For all of the Tuscaloosa area’s housing data, click here.

Tuscaloosa home sales increased 17 percent to 269 units year-over-year in June.
Forecast: June results were 32 units or 13 percent above the Alabama Center for Real Estate’s monthly forecast. ACRE’s year-to-date sales forecast through June projected 1,134 closed transactions, while the actual sales were 1,244 units, a favorable difference of 9.7 percent.
Supply: Tuscaloosa June housing inventory totaled 1,204 units, a decrease of 16 percent from June 2015. June inventory dipped 1.9 percent from May. Historical data indicate that June inventory on average (2011-15) increases from May by 0.1 percent. Inventory has now declined 38.9 percent from the June peak (1,971 units) reached in 2008.
Seeking balance: The inventory-to-sales ratio declined 28.2 percent year-over-year during June to 4.5 months. Restated, at the June sales pace, it would take 4.5 months to absorb the current inventory for sale. The market equilibrium (balance between supply and demand on a non-seasonally adjusted basis) is considered to be approximately 6 months during June.
Demand: June residential sales were 7.2 percent above the prior month. The increase is consistent with seasonal buying patterns and historical data indicating that June sales on average (2011-15) increase from May by 5.1 percent. Existing single-family home sales accounted for 85 percent of total sales (up from 84 percent in June 2015), while 7 percent were new home sales (up from 6 percent during June 2015) and 7 percent were condo buyers (down from 9 percent in June 2015).
Pricing: The Tuscaloosa median sales price in June was $164,900, a decrease of 0.4 percent compared to June 2015. The median sales price was also down 2.9 percent from May’s price. Historical data (2011-15) indicate that the median sales price in June typically decreases from May by 4 percent. It should also be noted that differing sample size (number of residential sales of comparative months) can contribute to statistical volatility, including pricing.
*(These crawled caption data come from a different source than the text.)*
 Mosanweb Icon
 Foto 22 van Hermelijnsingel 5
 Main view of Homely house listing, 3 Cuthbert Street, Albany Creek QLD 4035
Consult with a real estate professional to discuss pricing, as it will vary from neighborhood to neighborhood.
Industry perspective: “Housing activity is gaining strength heading into the summer, with pending home sales rising to a decade high. In addition, new home sales surged to an expansion best, a positive for single-family homebuilding, especially since only a small share of new homes for sale are completed and ready to occupy,” said Fannie Mae Chief Economist Doug Duncan in the organization’s June Economic Outlook. “However, recent pullbacks in construction hiring, likely due to a shortage of skilled workers, could weigh on the outlook for the sector. With little improvement in the current housing supply picture so far, we expect only moderate housing expansion this year.” For the full report, click here.
The Tuscaloosa Residential Monthly Report is developed in conjunction with the Tuscaloosa Association of Realtors to better serve West Alabama consumers.